A group of 55 Class 10 students of city school have started a crowdfunding initiative to help small farmers in Marathwada set up a basic brick and mortar storage facility, designed by a startup from the Indian Institute of Technology, Bombay. The storage facility will help farmers store their produce for up to a week and overcome the effects of the Covid-19 pandemic.
The students, all from the Bombay Scottish School in Mahim, set out to raise around Rs 16 lakh that can help over 100 farmers in Marathwada to set up the Subjee Cooler, a cooling unit designed by Rukart Technologies. While a unit can be set up at Rs 30,000, many farmers do not have the funds at their disposal owing to the effects of the lockdown on the markets, said Vikas Jha, founder of Rukart.
“If we could find finance for half the price, farmers were willing to pay the other half,” he added.
The students found out about the plight of the farmers during a workshop at school with crowd-funding platform—Fuel a Dream. Each student then decided to raise Rs 30,000 to be able to help two farmers set up Subjee Coolers. However, many students have already exceeded their goals and the funds will be used to help more farmers. “I honestly went into the campaign thinking I’d barely touch the goal of Rs 30000 and I was pleasantly surprised by the outcome.
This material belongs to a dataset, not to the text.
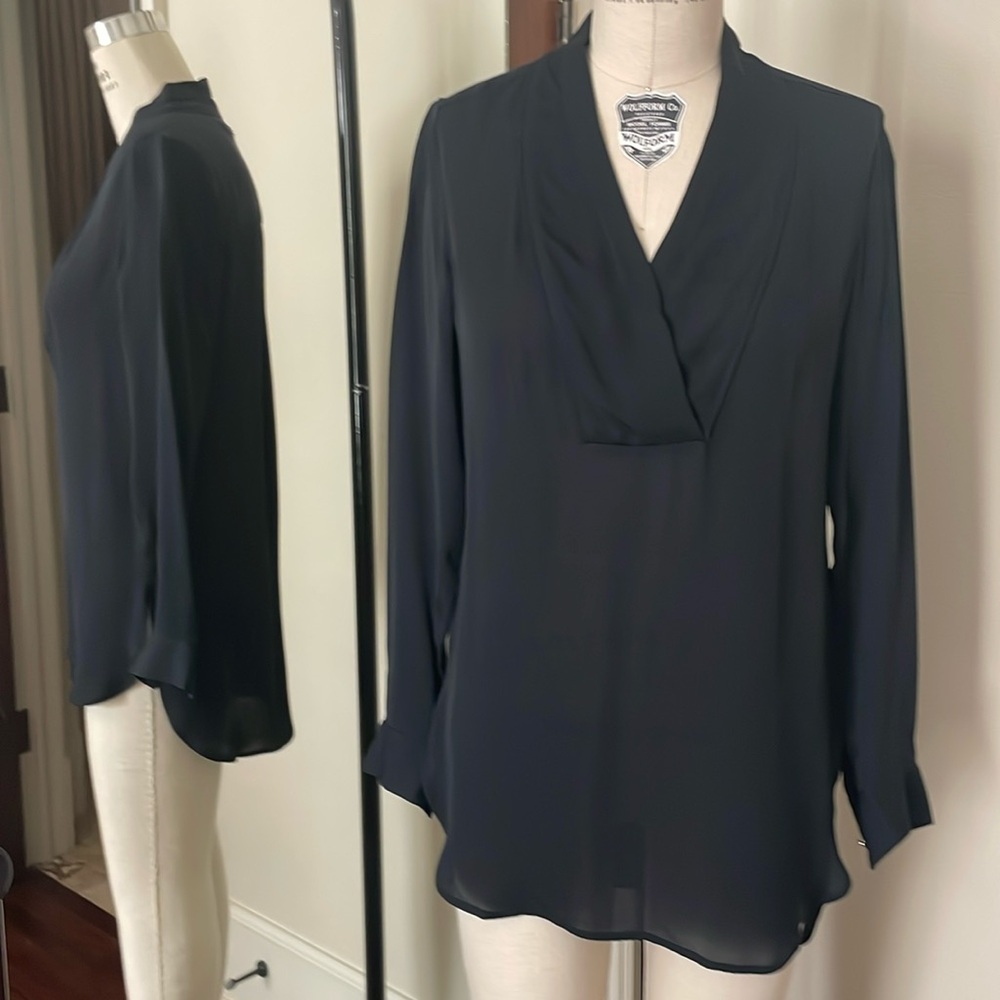 MARIE OLIVER SILK BLOUSE Size XS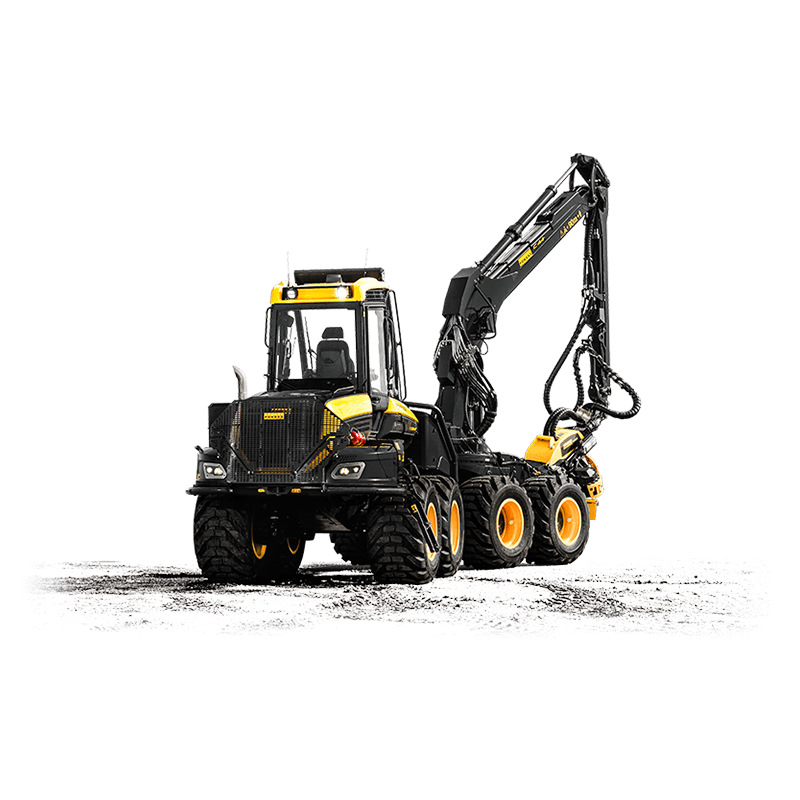 Harvester PONSSE Cobra freigestellt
I’m currently at Rs 1,29,100. The first day, I texted and called close friends and relatives about the campaign,” said 14-year-old Auroni Gupta, who claimed that most contributions came through social media. So far the students have raised Rs13.87 lakh.
The Subjee Cooler works on the principle of evaporative cooling and does not require any utilities except watering once a day.
According to Jha, the cooling chamber temperature is lesser than the ambient temperature by a margin of 5-15°C (depends on ambient relative humidity) and maintains the high relative humidity of above 85% – 90% inside the cooling chamber. The low temperature and high humidity inside the chamber preserve the vegetable crop (non-tuber) for five to eight days.
“Rukart and a Pune-based non-profit Swayam Sikashan Prayog, got in touch with us about the farmers in Marathwada. We have been doing workshops with students across the country and the students at Bombay Scottish showed interest. That’s how the initiative took off,” said Ranganath Thota, founder of Fuel a Dream, who teaches crowdfunding as a skill to school students.